本发明具体属于农业生物分子生物学检测领域，公开了一种用于同步检测4种虫传病毒的多重RT－PCR方法，该PCR体系中含有4对特异性引物(SEQ ID NO1～8)，在一个PCR体系中同步对4种病毒进行扩增，得到273、565、783、1296bp的特异性条带，建立并优化了能同步检测RBSDV、BYSMV、WDV和NCMV的多重RT‑PCR鉴定体系。检测结果表明优化后的多重RT‑PCR体系能在田间样品中快速、高效地检测出4种病毒，准确度高，灵敏性好。对监测小麦上NCMV等4种虫传病毒病在田间的发生情况以及病害流行预测具有十分重要的意义。

Description

一种用于同步检测4种虫传病毒的多重RT－PCR方法

技术领域

本发明属于农业生物学技术领域，具体地涉及在同一PCR体系中同步对4种侵染小麦的虫传病毒进行扩增，达到快速区分、高效检测的目的。

背景技术

小麦是我国的三大粮食作物之一，而病毒病是危害小麦生产的一类重要病害，国际上已报道的有50多种，病毒病在小麦的苗期和成株期均能侵染，一般侵染愈早，对小麦生长和产量的影响愈大。近年来由于全球气候变暖、免耕和高毒农药的禁用等因素使传毒介体昆虫群体逐渐加大，加之品种抗病性程度普遍较低等，虫传麦类作物病毒病在我国危害日趋严重，发生面积及为害程度迅速增长，成为影响国家粮食安全的重要因素。近年来，在我们北部麦区危害严重的虫传病毒病有小麦丛矮病、小麦矮缩病、小麦绿矮病等多种，小麦丛矮病由北方禾谷花叶病毒(Northern cereal mosaic virus，NCMV)引起，小麦绿矮病由水稻黑条矮缩病毒(Rice black-streaked dwarf virus，RBSDV)引起,小麦矮缩病则由小麦矮缩病毒(Wheat dwarf virus,WDV)引起。前两种病毒均由灰飞虱(Laodelphaxstriatellus Fallen)传播，而小麦矮缩病毒病的传播主要通过介体条沙叶蝉(Psammotettix striatus L.)以持久循回方式传播的。小麦丛矮病和小麦绿矮病以及小麦矮缩病在症状表现上很难区分，均表现植株矮缩、分蘖增多等症状，且田间多为混合发生，近年来新发现小麦上另一种病毒病即由灰飞虱传播的大麦黄条点花叶病毒(Barleyyellow striate mosaic virus,BYSMV)也表现黄化，矮化等症状。因此生产上急需可靠、方便且经济实用的区分这四种病毒的检测方法。

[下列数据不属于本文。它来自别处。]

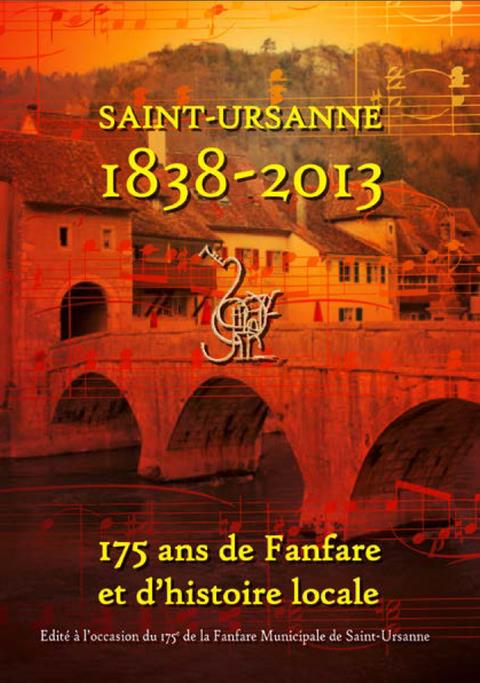 Fanfare St-Ursanne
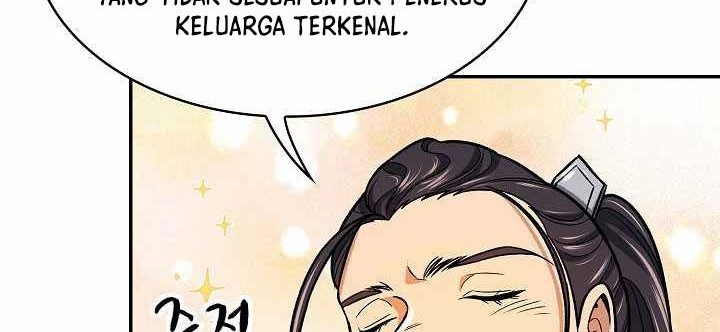 Storm Inn Chapter 71 - halaman 65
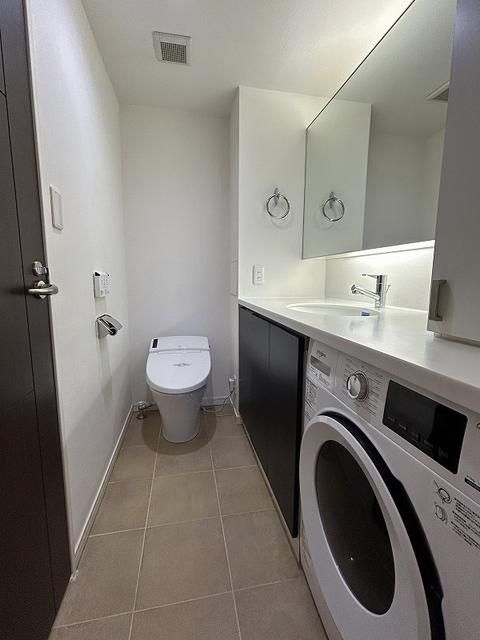 その他　※同タイプのお部屋の写真です。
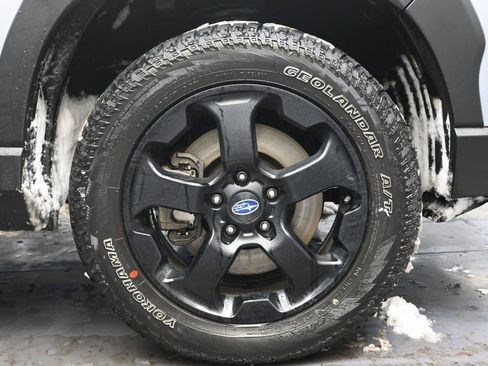 Certified 2024 Subaru Forester Wilderness image 10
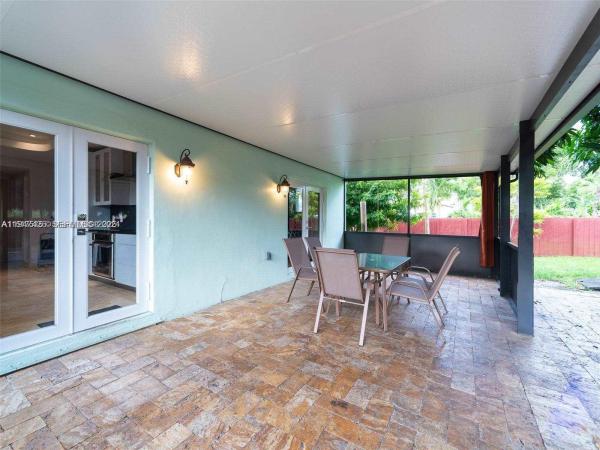 Sunset Trails, 1606 Wiley St, Hollywood, Florida 33020, image 3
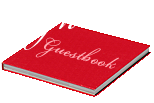 Pub Los Arcos: Sign Our Guestbook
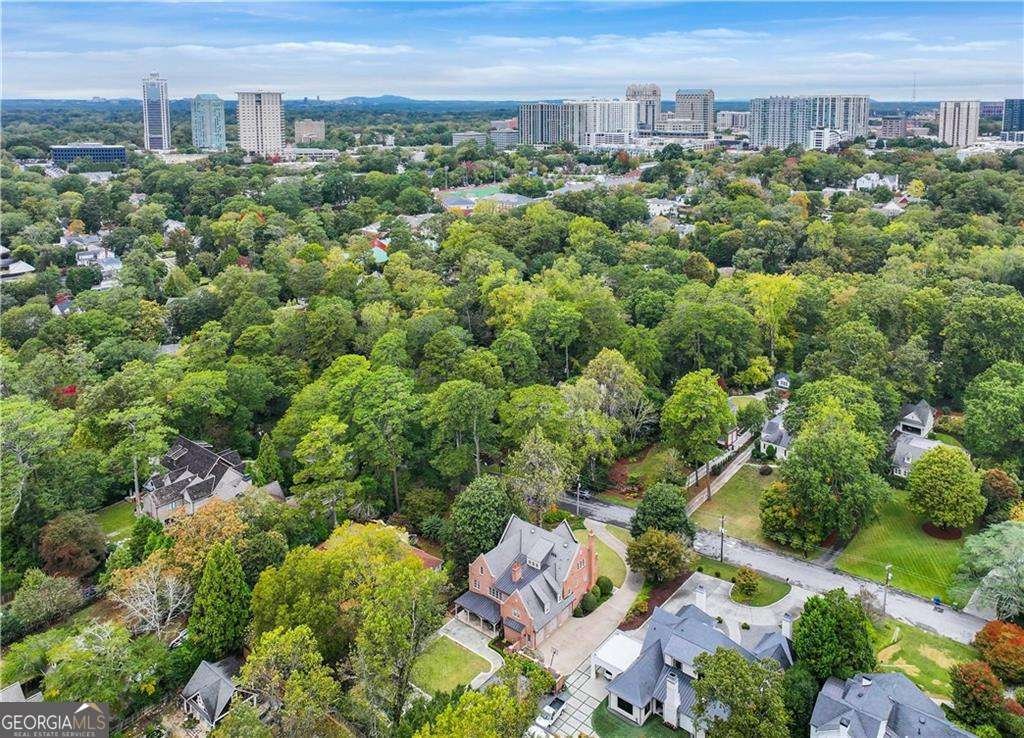 369 Pine Tree Drive Atlanta - Photo 97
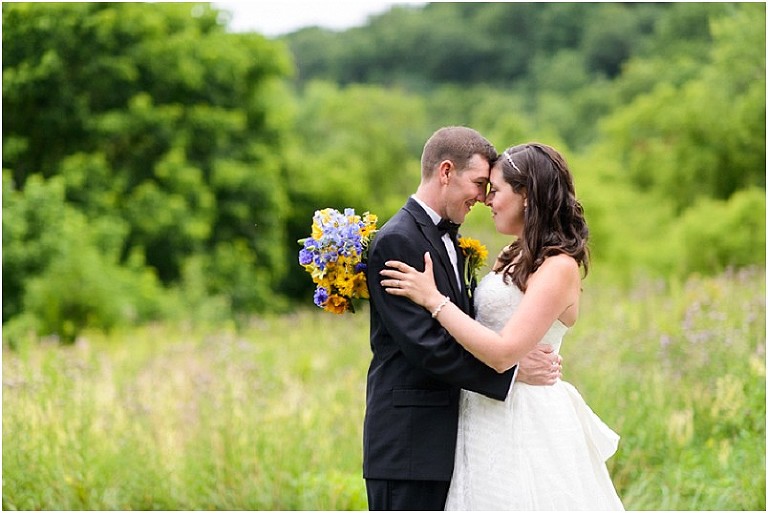 Lodge at Little Seneca Creek Wedding-57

分子检测技术因其快速、灵敏、特异、准确等优点，被广泛应用于细菌、真菌、病毒、的快速检测和鉴定，以及病害的早期筛查与诊断中。随着生物技术的发展，基于核酸的多重检测技术在核酸诊断领域发挥了越来越重要的作用，主要包括以多重PCR、核酸等温扩增、基因芯片为基础的多重核酸检测技术，这些技术可对多个靶标进行同时检测，具有快速、高通量、样品消耗少等特点。多重PCR(multiplex PCR)是Chamberlain于1988年报道的一种PCR衍生方法，即在一个PCR体系中加入1对以上的引物，以对两种及以上的目的基因进行同时扩增的检测技术。多重PCR的基本原理、反应试剂和操作均与常规PCR相同，区别在于多重PCR体系中含有2对或多对引物，分别扩增不同模板，以对多个靶标进行同时检测。该发明即利用以上原理针对侵染小麦的4种虫传病毒建立了特异、高效的多重PCR检测体系。

发明内容

本发明的目的是提供一种快速又高效的用于同步检测侵染小麦的4种虫传病毒的方法，准确度高，灵敏性好。

一种用于同步检测RBSDV、BYSMV、WDV和NCMV 4种虫传病毒的多重RT-PCR方法，在同一PCR体系中，包含有如下特异性引物对：

扩增RBSDV病毒的特异性引物的核苷酸序列为：

SEQ ID NO.1：5′-ACGAACAACGACCTAAGTGA-3′；

SEQ ID NO.2：5′-AAGTATTCCCATTTGAGCAG-3′。

扩增BYSMV病毒的特异性引物的核苷酸序列为：

SEQ ID NO.3：5′-TGGGACTCTTCAGGTTGTGG-3′；

SEQ ID NO.4：5′-CTGGCTGTTGGATTCATTTCTC-3′。

扩增WDV病毒的特异性引物的核苷酸序列为：

SEQ ID NO.5：5′-TCTTCAAAGGTTTGCGTGTC-3′；

SEQ ID NO.6：5′-GGGAGGCATAAGTCCATCTA-3′。

扩增NCMV病毒的特异性引物的核苷酸序列为：

SEQ ID NO.7：5′-CTATGCAAGAACAAAGCAGGAT-3′；

SEQ ID NO.8：5′-ACCGACAGTAATGAAGAGGC-3′。

所述PCR体系中引物对的摩尔比为WDV：RBSDV：BYSMV：NCMV＝1：2：2：5。

所述的PCR体系总体积25μL，其中含有2μLcDNA，2μL浓度为2.5mM的dNTP、0.2μLrTaq、1.5μL浓度为25mM的Mg²⁺以及浓度为10μmol/L WDV/RBSDV/BYSMV/NCMV上下游引物各0.1μL、0.2μL、0.2μL、0.5μL。

所述PCR扩增反应条件为：94℃3min；94℃30s、53℃45s和72℃80s共35个循环；72℃10min。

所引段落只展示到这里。